__Aim of the exercise__. Give the data again, word for word.

Data entries:
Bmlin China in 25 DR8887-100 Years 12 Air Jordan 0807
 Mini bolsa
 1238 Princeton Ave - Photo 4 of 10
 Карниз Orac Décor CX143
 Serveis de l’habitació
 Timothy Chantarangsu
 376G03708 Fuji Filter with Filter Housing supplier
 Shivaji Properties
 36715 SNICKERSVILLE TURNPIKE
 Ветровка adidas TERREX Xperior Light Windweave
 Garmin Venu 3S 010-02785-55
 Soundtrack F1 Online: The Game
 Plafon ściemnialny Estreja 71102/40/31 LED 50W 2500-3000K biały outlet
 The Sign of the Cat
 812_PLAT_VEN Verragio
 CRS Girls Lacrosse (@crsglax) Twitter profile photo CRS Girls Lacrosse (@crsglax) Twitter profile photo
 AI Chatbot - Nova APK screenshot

__Result below__.
Bmlin China in 25 DR8887-100 Years 12 Air Jordan 0807
 Mini bolsa
 1238 Princeton Ave - Photo 4 of 10
 Карниз Orac Décor CX143
 Serveis de l’habitació
 Timothy Chantarangsu
 376G03708 Fuji Filter with Filter Housing supplier
 Shivaji Properties
 36715 SNICKERSVILLE TURNPIKE
 Ветровка adidas TERREX Xperior Light Windweave
 Garmin Venu 3S 010-02785-55
 Soundtrack F1 Online: The Game
 Plafon ściemnialny Estreja 71102/40/31 LED 50W 2500-3000K biały outlet
 The Sign of the Cat
 812_PLAT_VEN Verragio
 CRS Girls Lacrosse (@crsglax) Twitter profile photo CRS Girls Lacrosse (@crsglax) Twitter profile photo
 AI Chatbot - Nova APK screenshot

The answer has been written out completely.